Friday, August 2, 2019

Tom Brady "scandal" demonstrates once again how something isn't right with social media

It's the kind of story that has become all too prevalent lately. In what, for my money, might be the most uninteresting video ever to capture national attention (worthy of the Boring Vacation Slides Hall of Fame, for sure), New England Patriots QB Tom Brady and his 6-year-old daughter Vivian are seen standing hand-in-hand, looking over a small waterfall cascading into a greenly idyllic Costa Rican pool, like something out of Jurassic Park. Father and daughter count to three and then, together, jump into the water below.

Brady shared the video on Instagram, but instead of "the crowd goes wild", social media went apoplectic. Thousands of digital voices (or maybe just dozens shrieking like thousands) instantaneously became a collective parenting expert, social worker, police officer, judge, juror and executioner. Working with an alarmingly precise synchronicity worthy of the technology that allows them to do it at all, they rushed to disapprove, denounce, discourage and disavow, while making sure to avail themselves of the opportunity to explain why (which is really the only thing that matters to most of them). The haters, the naysayers, the trolls, what comedian Bill Maher has called the "professionally outraged", have unprecedented influence nowadays, thanks to social media. Each and every one of Tom Brady's 6.3 million Instagram followers can share this video with their own followers after slathering their outrage all over it like spicy mayo on a sushi roll (👎), and then those people can do the same. It's a true phenomenon of this day and age that isn't leading anywhere good and is not the least bit necessary. Outside of those rare events that actually shape our society's path, determine our future as a species, nothing that happens on this Earth - nothing - deserves 6.3 million things said about it, or even 6.3 million people knowing about it.  Absolutely fucking nothing.
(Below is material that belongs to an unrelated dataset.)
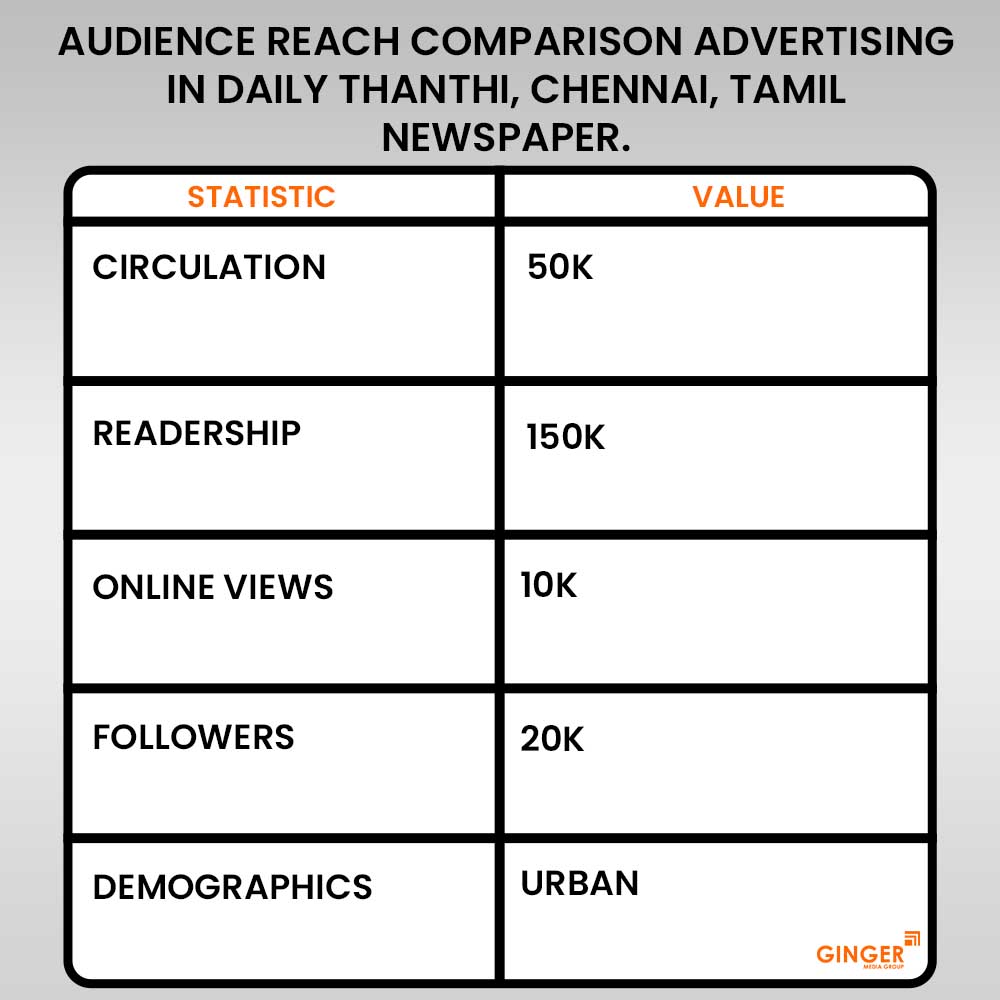 audience reach comparison advertising in daily thanthi chennai tamil newspaper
Social media is like a lame pyramid scheme for opinions. I don't buy that it represents a majority of people, or that, despite the numbers that may or may not be involved, it's an accurate barometer of what people really think, collectively or individually. Just as people don't act real when they know cameras are rolling (rendering the term "reality TV" the ultimate misnomer), people stop being honest or judicious, place no value whatsoever on being informed or temperate in their response, when they know they can remain anonymous, or at least not have to look anyone directly in the eyes. Yet, for some reason, our legitimate news outlets have started picking up on social media's bullshit outrage and turning it into news, reporting on it, as though it's an "influencer" itself (instead of just a smoldering ash heap of kneejerk, and largely unoriginal, or at least poorly thought-through, opinions), and now, non-events like this Tom Brady business share space with vastly more important stories of the day: goings-on in the Trump White House, North Korea testing missiles, blistering heat across Europe, Greenland not so white anymore.

The source of the outrage? In the short video, Brady's daughter appears to balk at the last second, right when they're about to jump, and then it appears that, keeping hold of her hand, Brady pulls her into the water with him. 

Bad choice, Brady. According to Inside Edition, one aghast Instagram user chimed in, "OMG! How irresponsible was that...poor baby, she wasn't even ready to jump."

Okay, but do we know that for sure? And really, does it matter?

To shore up any credibility it might still have (or believe it should be trying to hold onto), Inside Edition consulted someone from Aquatic Safety Research Group...(??)...an expert who deposited a quarter's worth of opinion into the feisty little air pump keeping this inflatable story upright, explaining that Vivian "could have slid down the rock wall and been severely injured."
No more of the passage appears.